Buying a car has long been regarded as a significant investment in Vietnam. However, with rising purchasing power as a result of economic growth, more Vietnamese can now purchase such vehicles. Vietnam's automotive sector is now one of the most rapidly expanding in Southeast Asia. Cars, while still considered a luxury item, are quickly crowding the streets of Vietnamese cities, emerging as one of the primary ways of mobility alongside motorcycles for many city dwellers.
Let’s check the overview of the automotive industry and the forecasting in the article vietnam Automotive Industry: Fact And Forecast.
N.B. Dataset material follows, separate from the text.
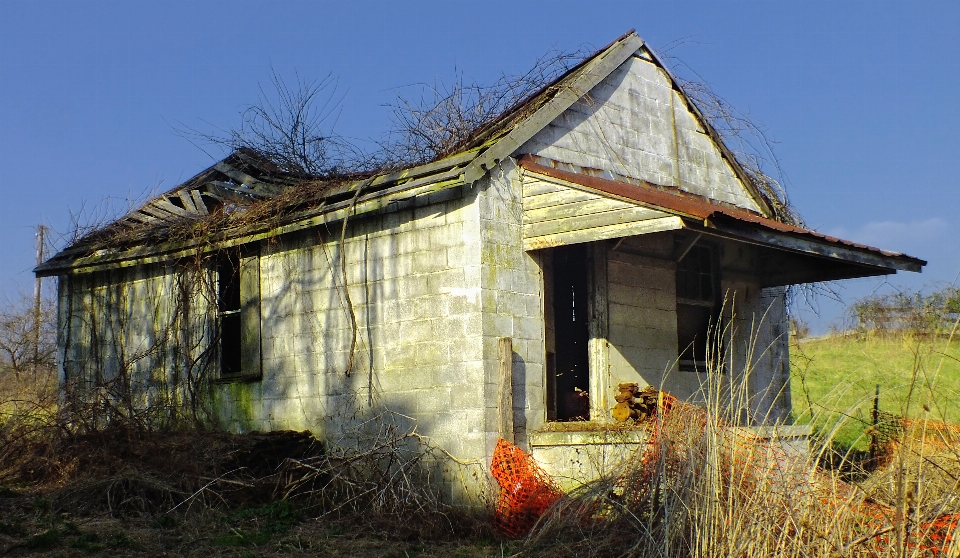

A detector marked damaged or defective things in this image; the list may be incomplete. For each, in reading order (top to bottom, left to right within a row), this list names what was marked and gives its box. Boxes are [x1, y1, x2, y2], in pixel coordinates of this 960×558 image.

rusty metal roof edge [520, 155, 928, 272]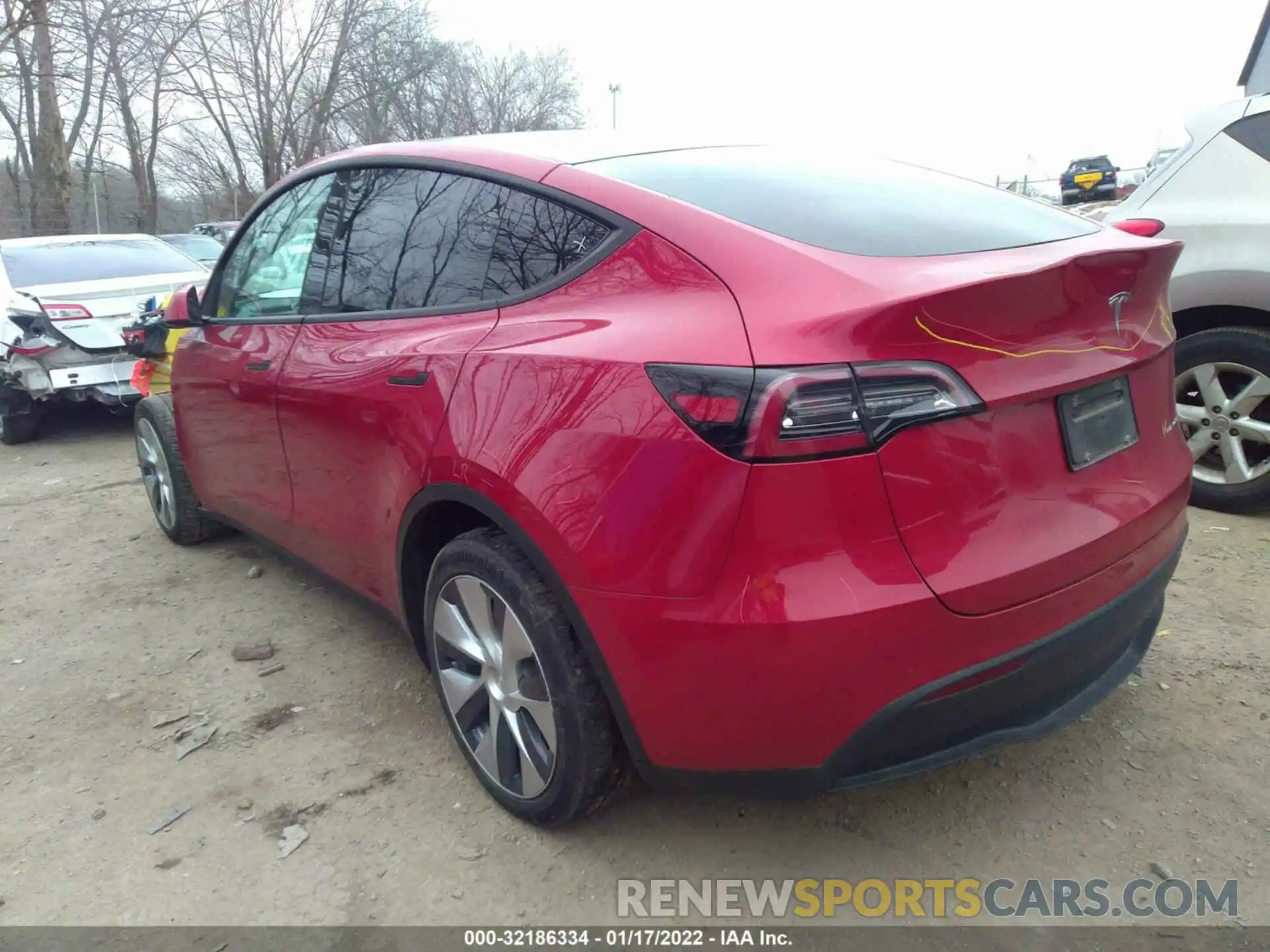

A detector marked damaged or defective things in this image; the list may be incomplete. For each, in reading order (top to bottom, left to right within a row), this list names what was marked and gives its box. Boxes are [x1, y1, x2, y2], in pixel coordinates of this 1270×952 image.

Recently, Vietnam's vehicle sector has risen tremendously. Between 2015 and 2018, the average annual growth ratio of locally built vehicles was around 10%. Due to the presence of typical manufacturers such as Nissan, Toyota, Honda, Kia, and Ford in the domestic market, many spare parts companies have invested in the field, giving it a needed boost.
Motorbikes are prevalent in Vietnam, but automobile ownership is rapidly increasing as the country's middle class expands. However, because of the COVID-19 outbreak, this growth is predicted to be stifled in a short time but will restart on a long-term basis once Vietnam's economy reopens.
Because the automobile industry accounts for such a large portion of Vietnam's GDP, the government has traditionally given it special attention. Many big automobile assembly and manufacturing projects are now underway in this nation, with the goal of meeting domestic needs as well as gaining access to the foreign market.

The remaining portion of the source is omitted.